What I generally hear from people is stories about how crime has gotten worse, the escalation race of gangs getting bigger guns leading to the police getting bigger guns and having to be fearful of everyone. Beyond that, I also read stories about how the police forces have been taken over by ex-military who are more familiar with combat and policing activities in a warzone than protecting and serving in America.
Fundamentally, I think both of these perspectives and most other perspectives are wrong.
I think back to when I was growing up in the 80s. I was taught to always respect police officers and to obey the law. At the time, the town I was in was 99%+ white and I remember seeing officers walking the sidewalks on Main Street, interacting with residents, and generally just keeping an eye on things.
As the Great White Flight hit the town in the late 80s and early 90s, it shifted to about 80% black and Hispanic by about 1992. By 96, it was over 96% black.
What changed during this time wasn’t a sudden influx of crime. It was more about how the officers treated residents. Around the same time, the local steel mill, Acme Steel (no joke, it was called that), took a huge downturn and ended up laying off almost its entire work force. Other area steel and manufacturing plants, man of which were in-dependent on Acme and other steel shops, closed down. The chain effect rapidly dried up the revenue coffers for the area towns. These towns still had to pay the bills, but their commercial taxes plummeted and residential taxes were no longer rising, or in some cases dropped off as well.

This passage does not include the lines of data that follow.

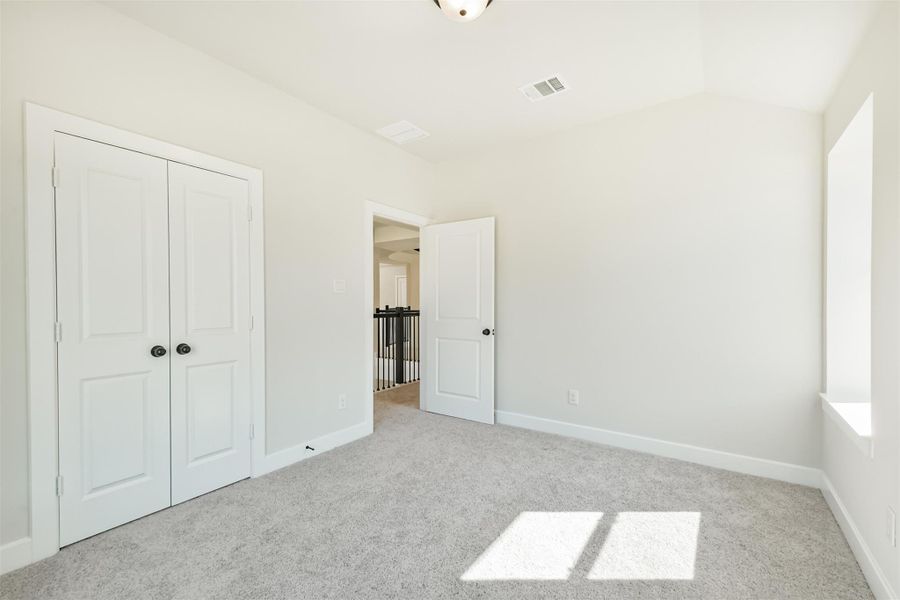 Spacious, unfurnished interior of a new home in The Woodlands Hills – 55', Willis (Image 36).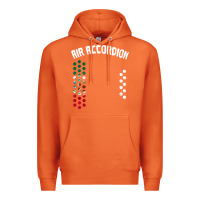 Carrot mexican flag air accordion music instrument lover gift Premium Hoodie - linhVisuals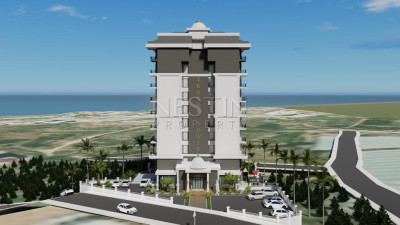 Квартира 1+1 в районе Махмутлар в 800 м от Средиземного моря фото 2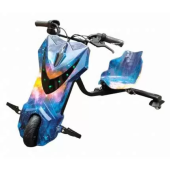 Дрифт-карт Crazy Bug Premium 350W Галактика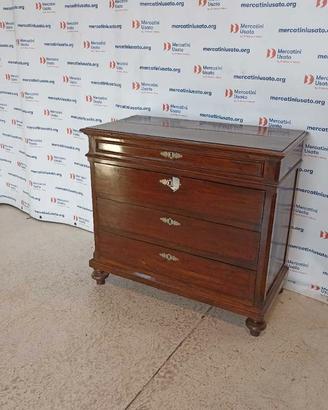 Cassettone in Noce fine 800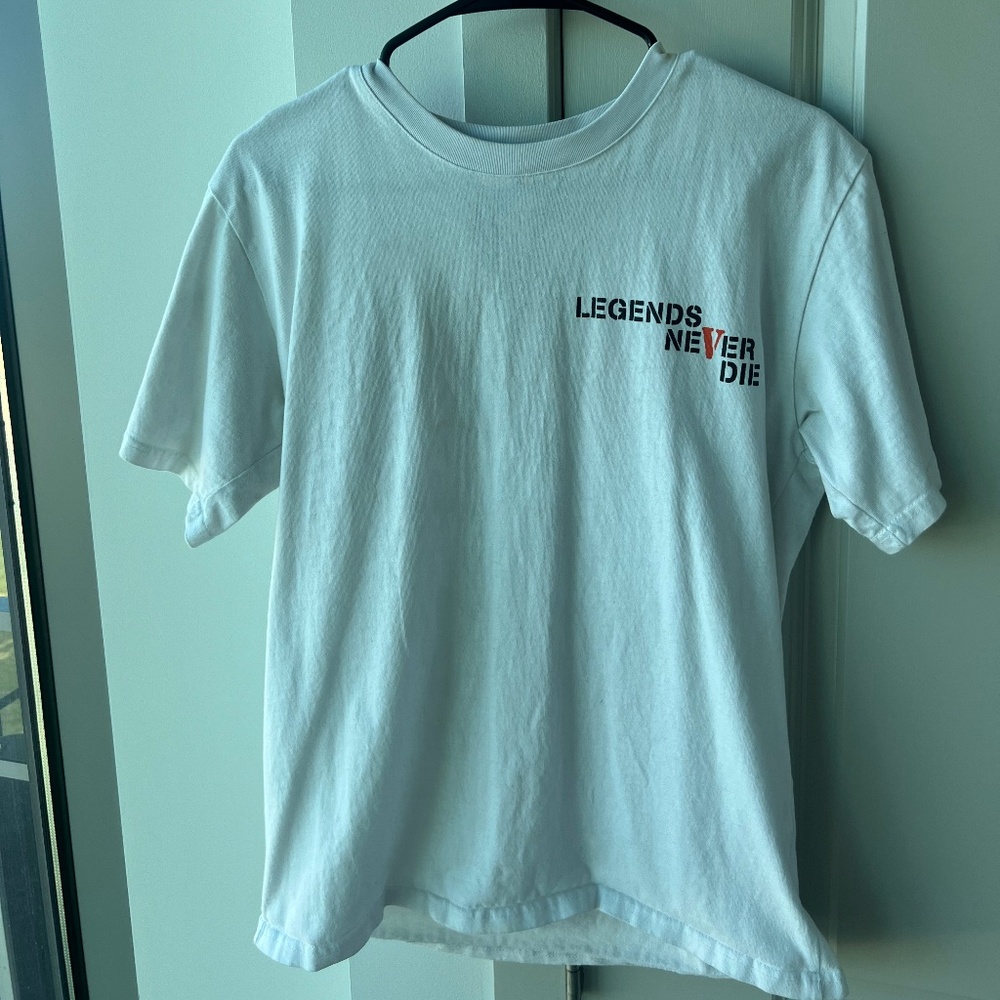 Vlone x Juice WRLD Butterfly T-shirt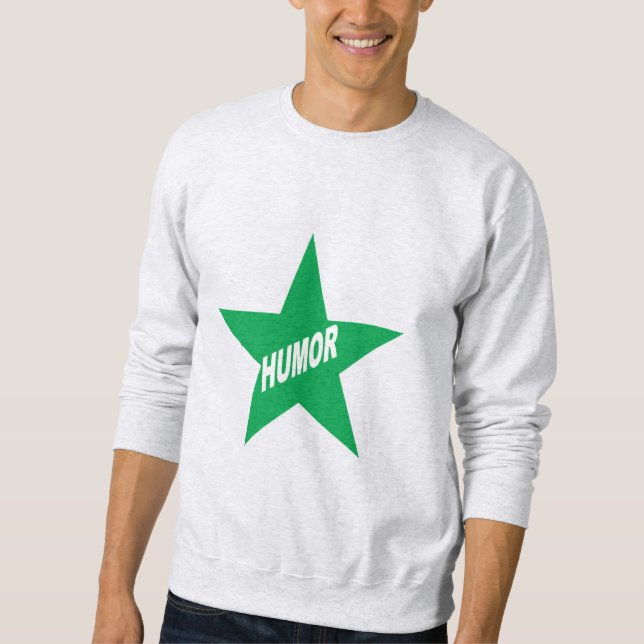 Sweatshirt de base  HUMOUR STAR (Devant)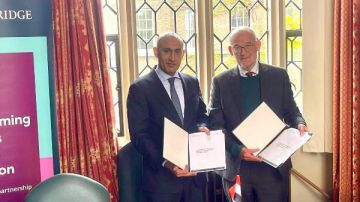 لأول مرة.. التعليم تتعاون مع جامعة كامبريدج لتطوير مناهج الإنجليزي بالمدارس الحكومية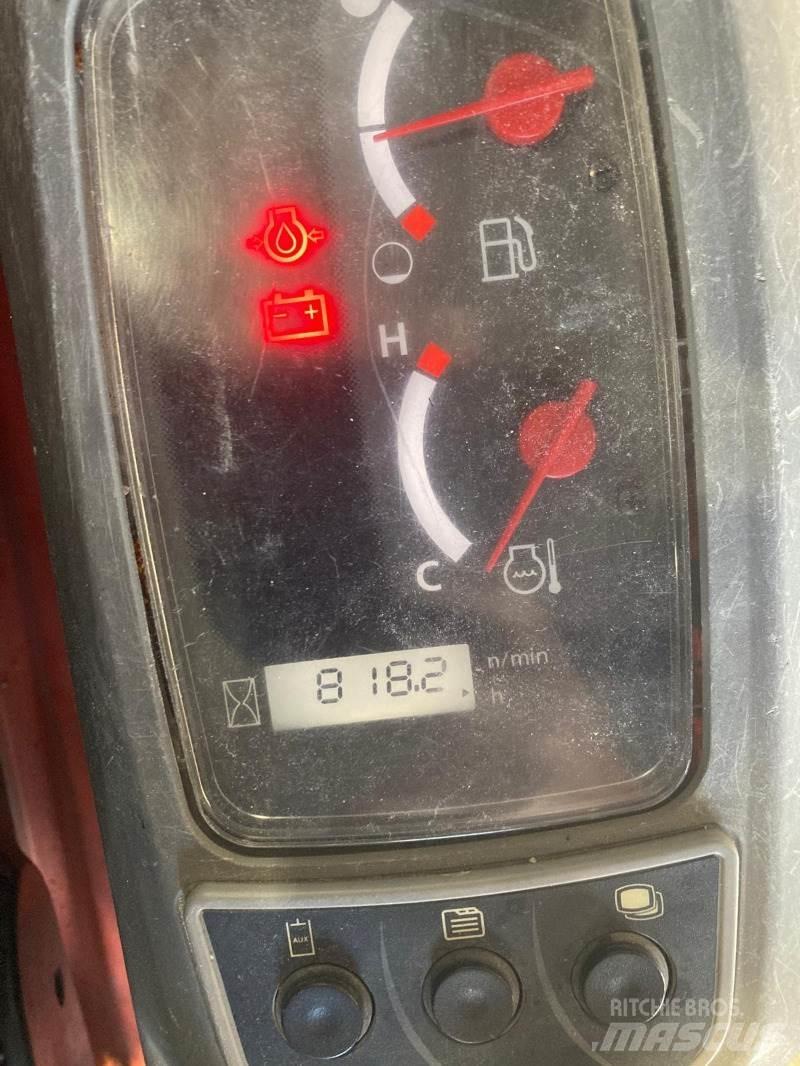 Kubota U17-3 Mini bageri < 7t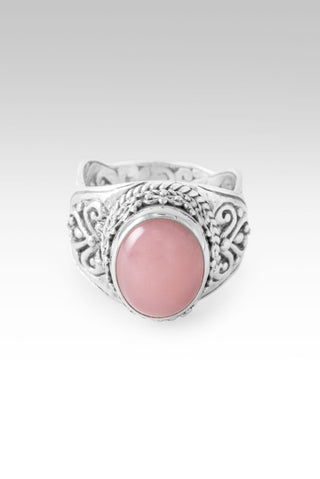 Let Healing Begin Ring™ in Ballet Blush Quartz - Statement - only found at SARDA™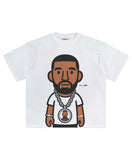 DRAKE CARTOON TEE
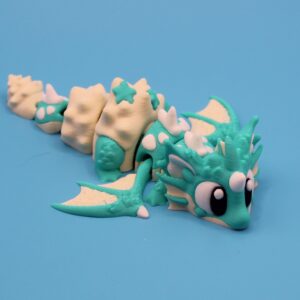 'Sea Shell' Dragon by 3DGOB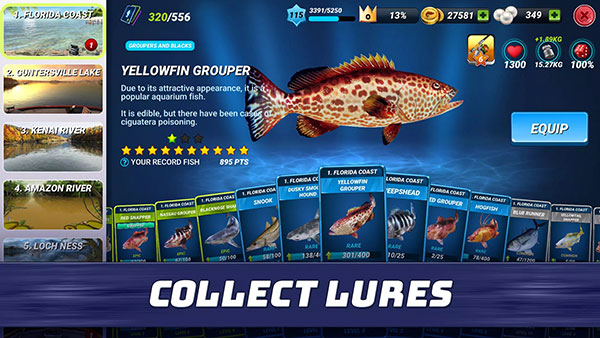 Fishing Clash截图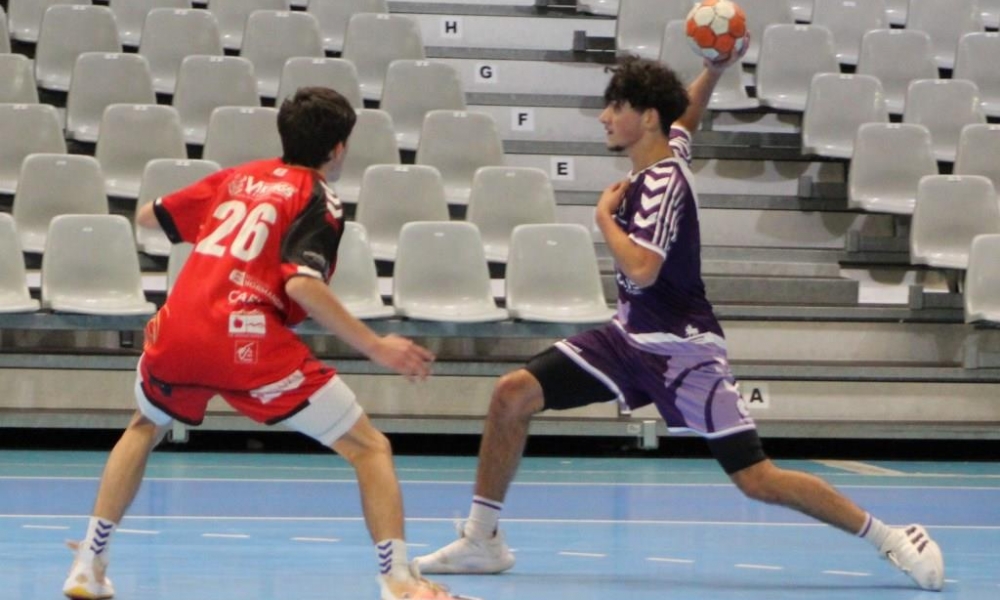 U18 contre Caen Handball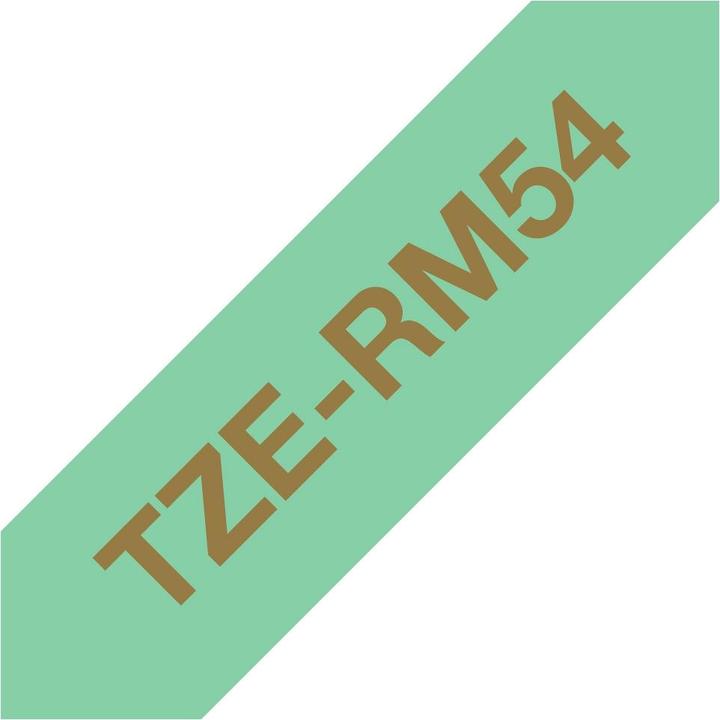 Actual product image Brother TZE-RL54 (2.40 cm, Blue)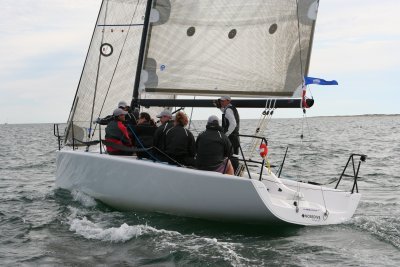 Louisa Gould - Around the Island Race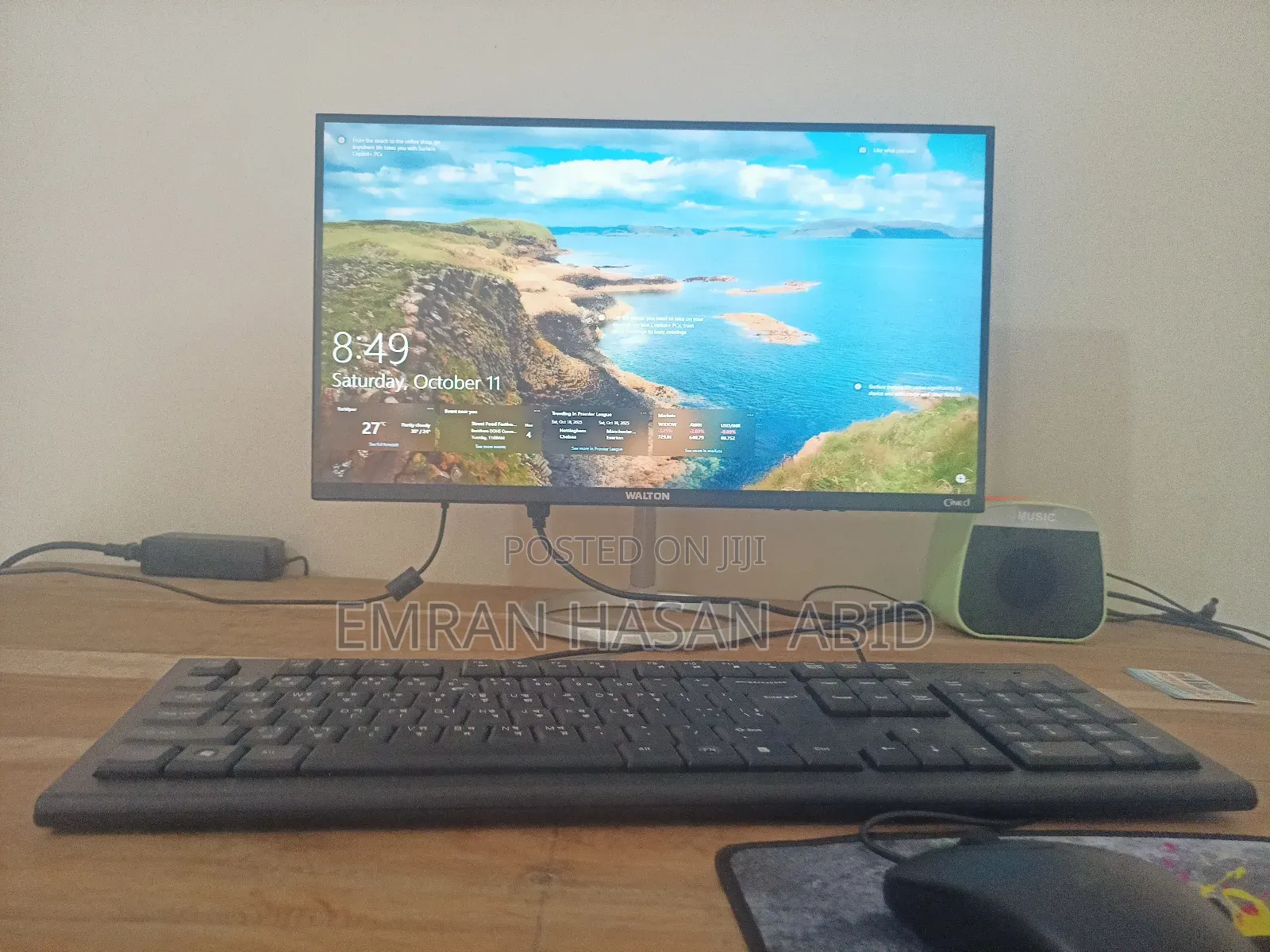 Desktop Computer Gigabyte GA-H110MSTX-HD3-ZK 16GB AMD Ryzen 5 HDD 1T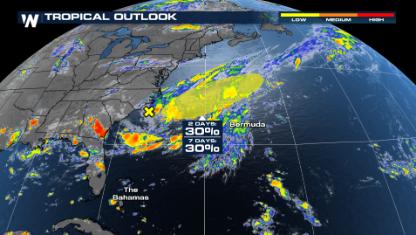 An Area to Monitor in the Atlantic
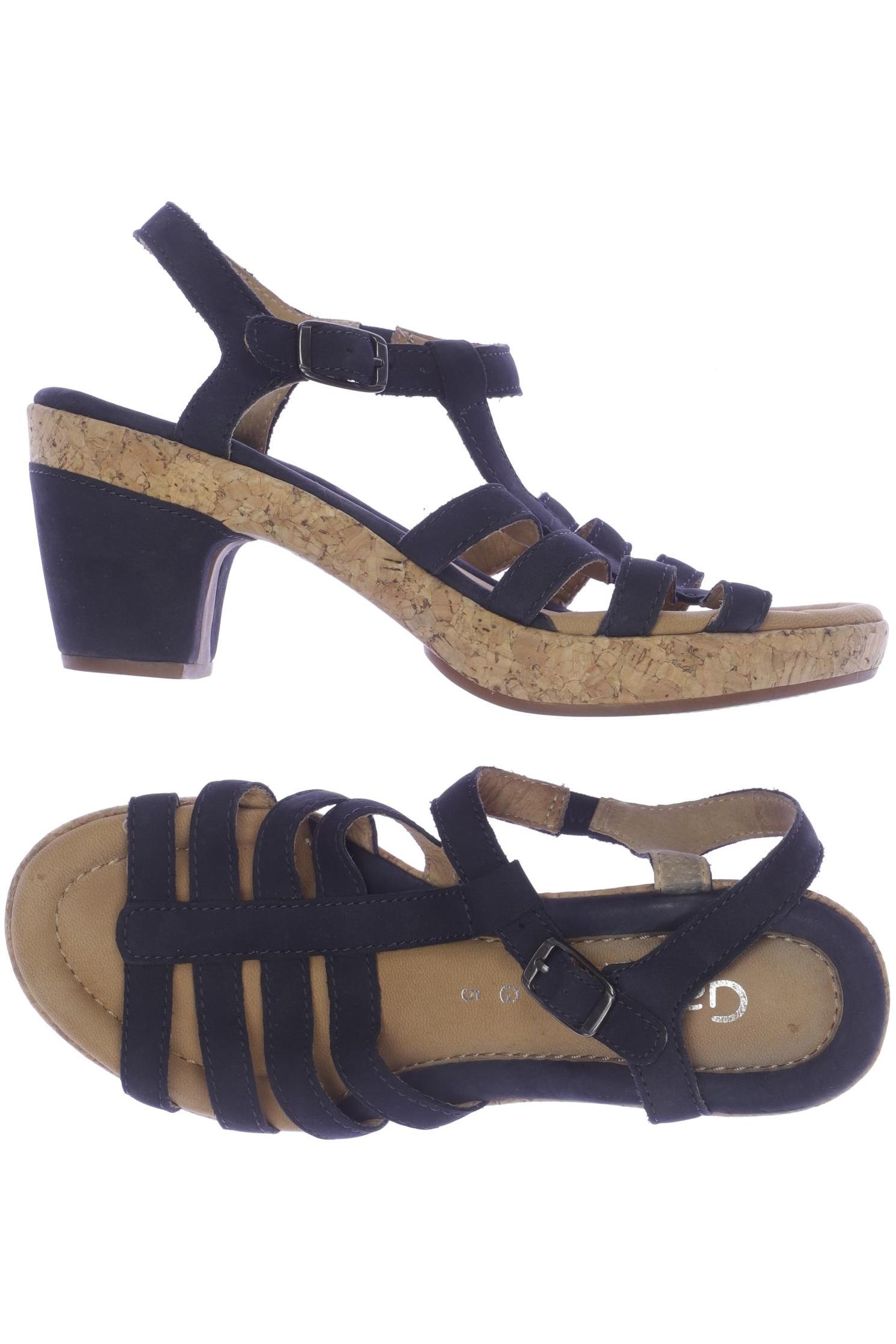 

Gabor Damen Sandale, marineblau, Gr. 5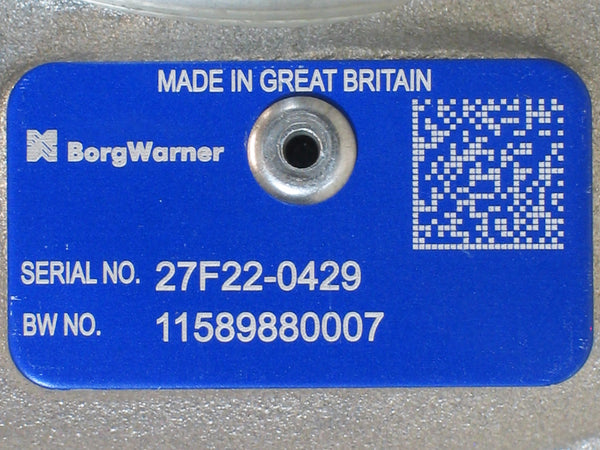 NEW BorgWarner B1 Turbo Claas Deutz Industrial TCD2012L4-2V 4.04L 11589880007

What many of these towns did was turn to the residents to raise more revenue. Initially, they passed a few bills to raise property taxes, sales taxes, or instituted things like vehicle registration taxes. When those were not sufficient to make up the losses, or the towns just wanted more money, they turned rapidly to their police forces and court systems.
In the case of the town I eventually worked in as a Fire Fighter, they went from having a few people in court each day for traffic violations, to being completely overflowing and having to build an expansion on the Municipal Court to handle the influx of tickets. I remember hearing my parents go from constant talk about respecting the police in the late-80s to fuck the police in the mid-90s. Where in the 80s they might get pulled over for a busted tail light and advised to please fix it, in the 90s, my mom got 3 tickets in 2 months for not stopping right on the white line at an intersection. Eventually she started to drive over 10 miles out of her way coming home from work to avoid an area where cops would watch for rolling stops, 5mph speeding over the limit, and a bunch of other minor violations that they would use to stack tickets worth hundreds of dollars onto area residents.
Needless to say, this wasn’t all that changed. Suddenly, just walking down the street could get a copy to pull up next to you in a deck out squad car asking what you were doing. When me and a friend would go roller blading around some area streets for exercise, we would regularly get hassled by cops asking what we were up to and how much longer we would be out. One time we were even accused of trying to sell drugs.
This is why Americans don’t like police anymore. Its not because crime is going up (its not) or because people are all secretly criminals (we’re not). Its because police are no longer there to protect and serve. They are there to generate revenue for their towns and states.
If cities and states want their police to be more respected, they need to start by returning police forces to their original goals.
- Stop setting up speed traps
- Remove Red-Light cameras and other technology that turns people against police with no safety value.
- Walk, don’t just drive the streets. Police should be meeting with and interacting with residents, not just enforcing laws against them.
- Stop assuming people are doing something nefarious just because they are outside.
- No quotas on tickets for traffic cops or other positions.
- Change reward structure to include public approval of Police.
- Means-test fines so that low or no income individuals do not have lives ruined.
- Focus on the Protect and Serve motto and don’t milk your residents.
We need to change the entire mindset of Police Departments and Municipalities. Police should NEVER be used to generate sustained revenue sources or have their fines and levies included as part of an expected budget. The goal should be to eliminate all fines and levies if possible by improving their towns and building a stronger relationship with their residents.